* [BRIEF]:
Your answer must be an exact copy of the entries below, with no pictures in it.

* [DATA SHOWN]:
══════════════════════════════

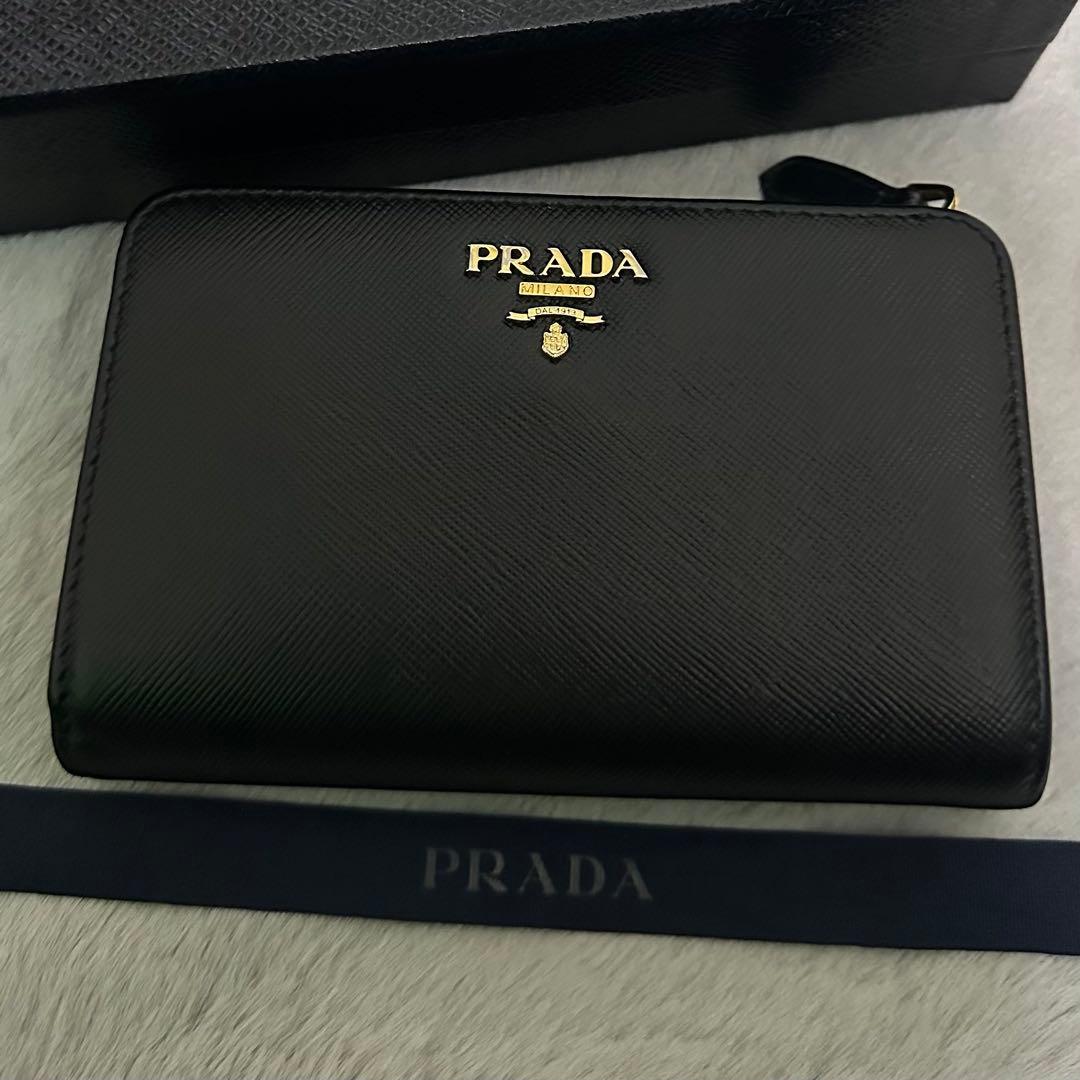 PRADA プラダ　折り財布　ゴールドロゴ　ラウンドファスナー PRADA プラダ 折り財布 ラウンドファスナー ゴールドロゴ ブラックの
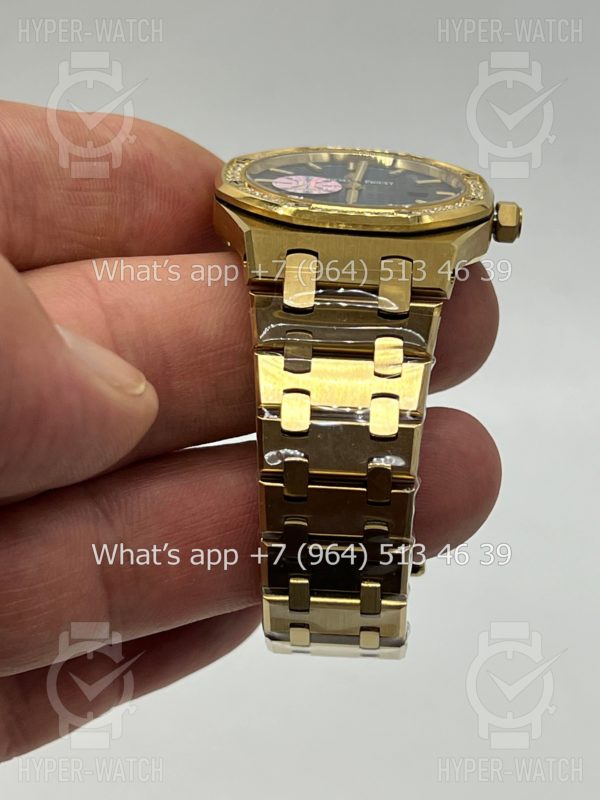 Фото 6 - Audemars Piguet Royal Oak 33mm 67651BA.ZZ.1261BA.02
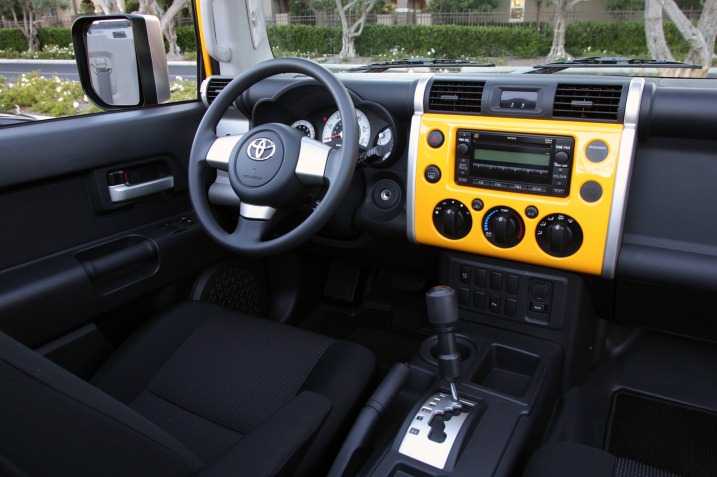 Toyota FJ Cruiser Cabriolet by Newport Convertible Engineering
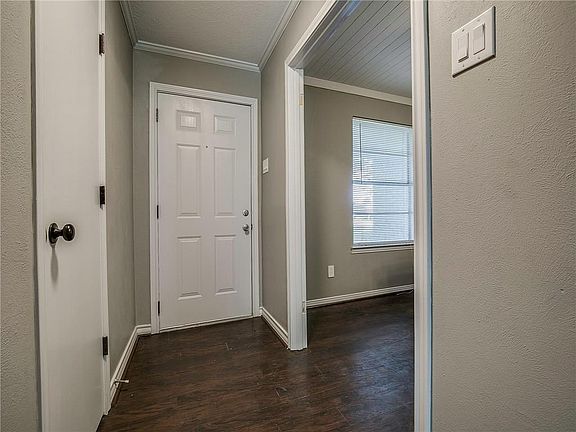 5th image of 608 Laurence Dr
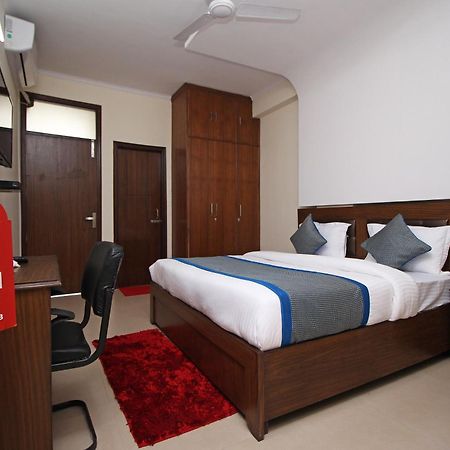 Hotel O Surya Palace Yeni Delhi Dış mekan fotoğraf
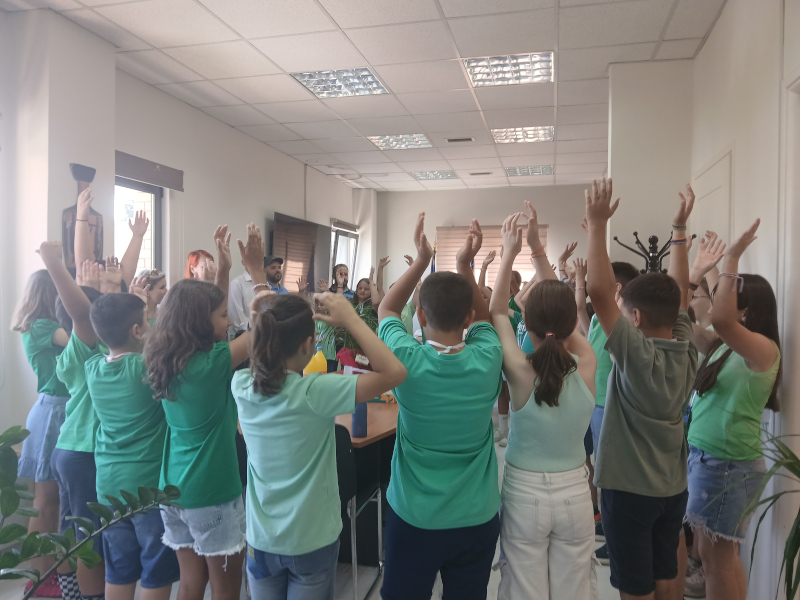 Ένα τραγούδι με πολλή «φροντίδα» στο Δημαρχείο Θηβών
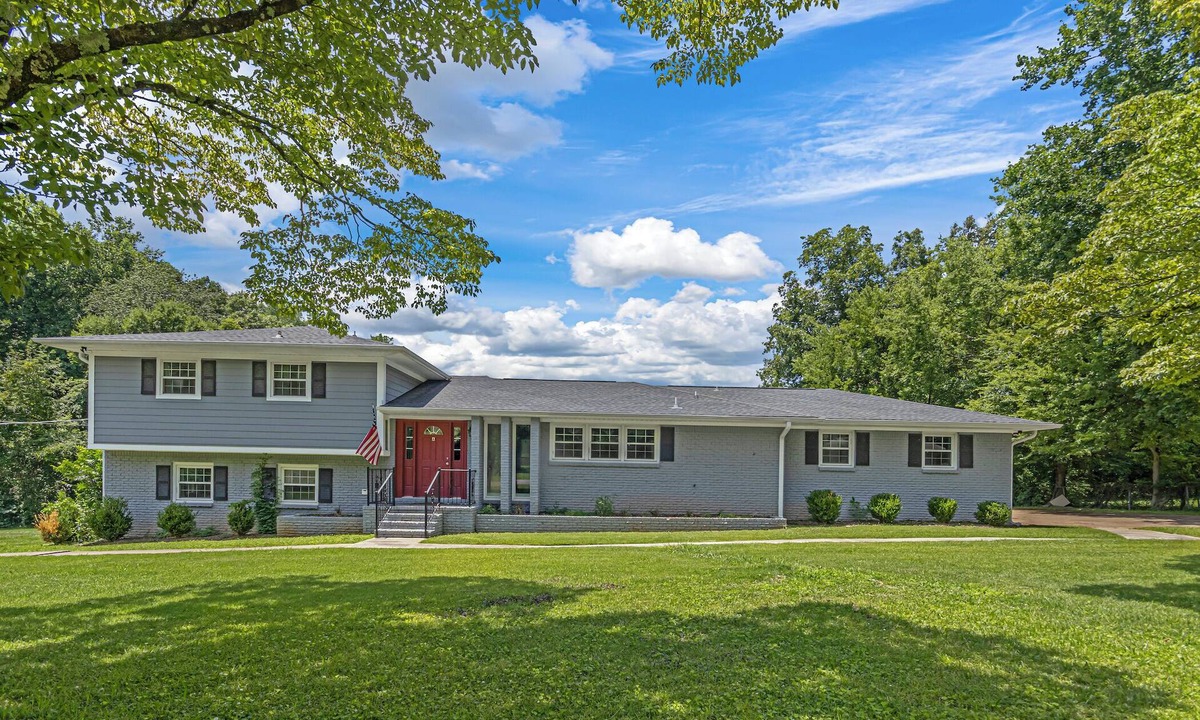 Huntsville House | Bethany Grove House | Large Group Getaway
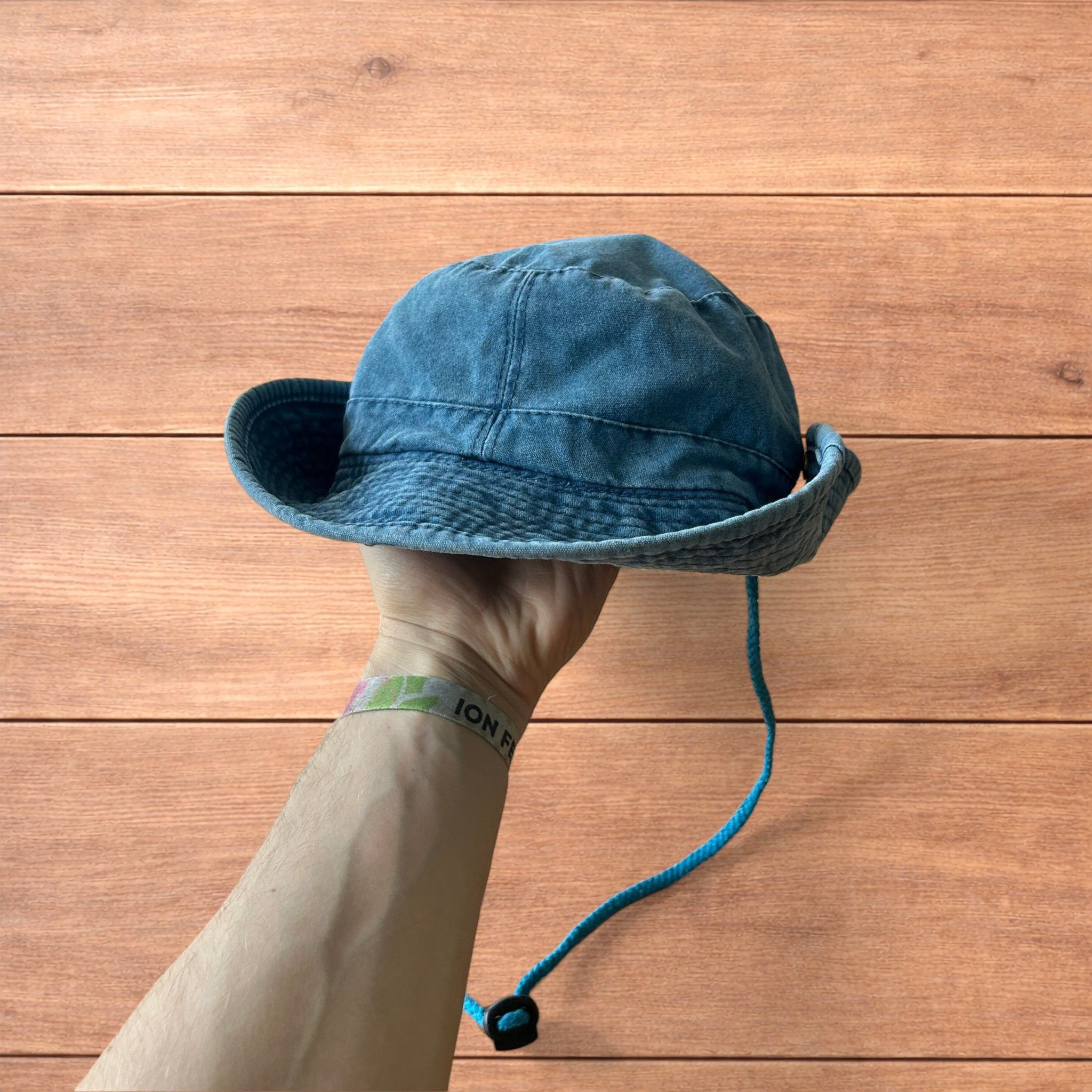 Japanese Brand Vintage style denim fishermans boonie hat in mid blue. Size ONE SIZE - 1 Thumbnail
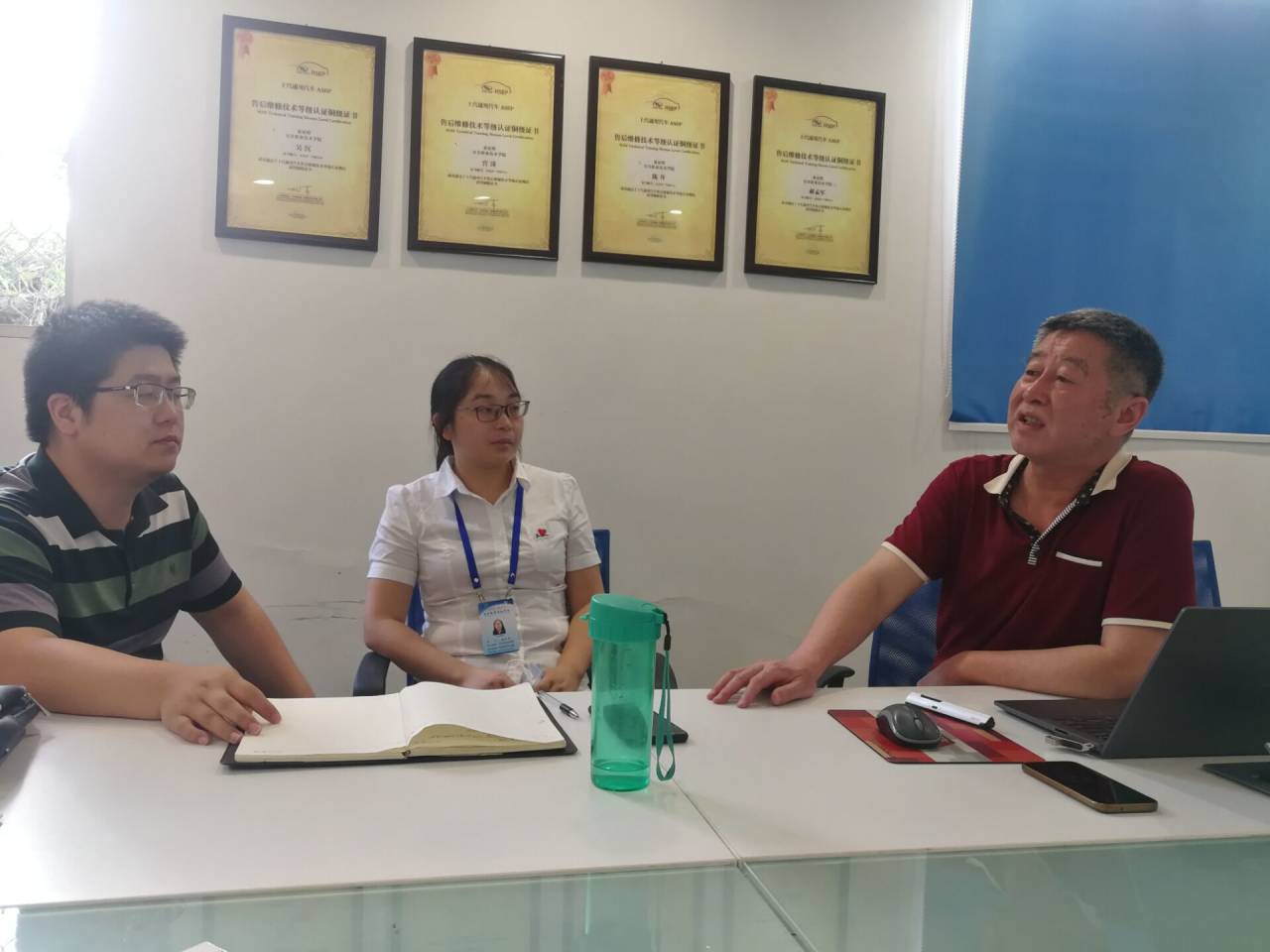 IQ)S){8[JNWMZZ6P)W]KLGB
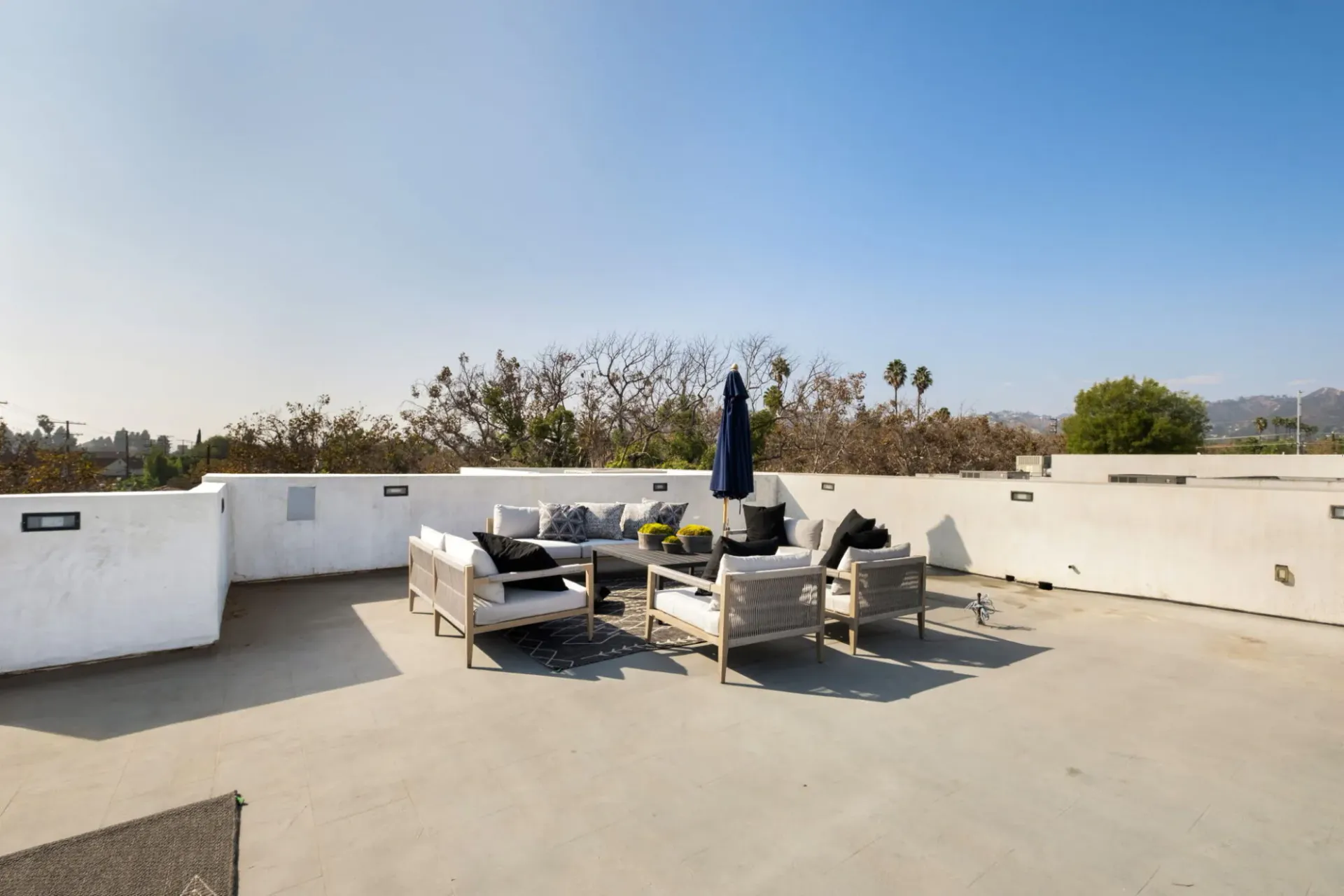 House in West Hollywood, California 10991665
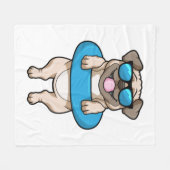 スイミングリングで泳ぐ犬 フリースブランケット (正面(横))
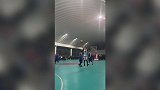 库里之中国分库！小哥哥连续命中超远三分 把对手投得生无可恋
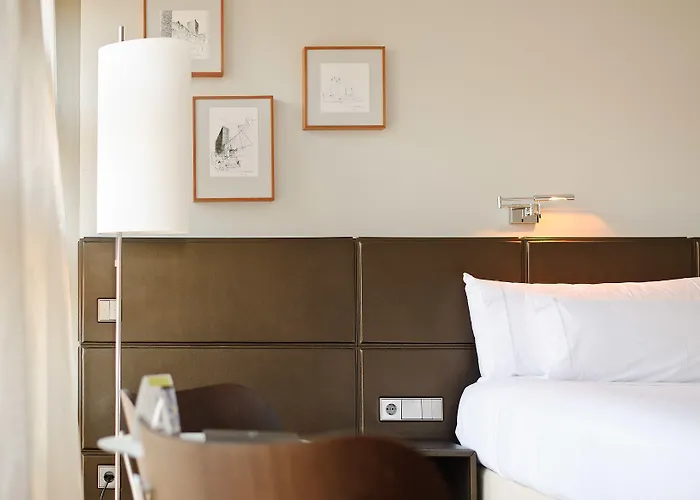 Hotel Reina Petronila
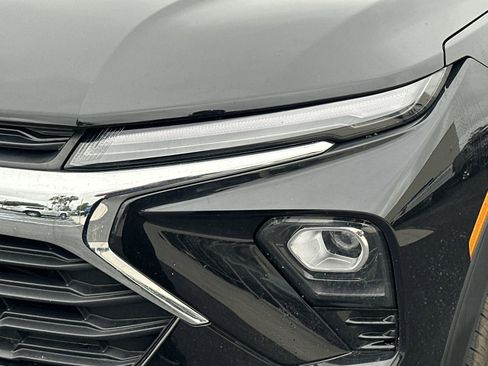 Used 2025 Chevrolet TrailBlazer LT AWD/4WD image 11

══════════════════════════════

* [OUTPUT BELOW]:
 PRADA プラダ　折り財布　ゴールドロゴ　ラウンドファスナー PRADA プラダ 折り財布 ラウンドファスナー ゴールドロゴ ブラックの
 Фото 6 - Audemars Piguet Royal Oak 33mm 67651BA.ZZ.1261BA.02
 Toyota FJ Cruiser Cabriolet by Newport Convertible Engineering
 5th image of 608 Laurence Dr
 Hotel O Surya Palace Yeni Delhi Dış mekan fotoğraf
 Ένα τραγούδι με πολλή «φροντίδα» στο Δημαρχείο Θηβών
 Huntsville House | Bethany Grove House | Large Group Getaway
 Japanese Brand Vintage style denim fishermans boonie hat in mid blue. Size ONE SIZE - 1 Thumbnail
 IQ)S){8[JNWMZZ6P)W]KLGB
 House in West Hollywood, California 10991665
 スイミングリングで泳ぐ犬 フリースブランケット (正面(横))
 库里之中国分库！小哥哥连续命中超远三分 把对手投得生无可恋
 Hotel Reina Petronila
 Used 2025 Chevrolet TrailBlazer LT AWD/4WD image 11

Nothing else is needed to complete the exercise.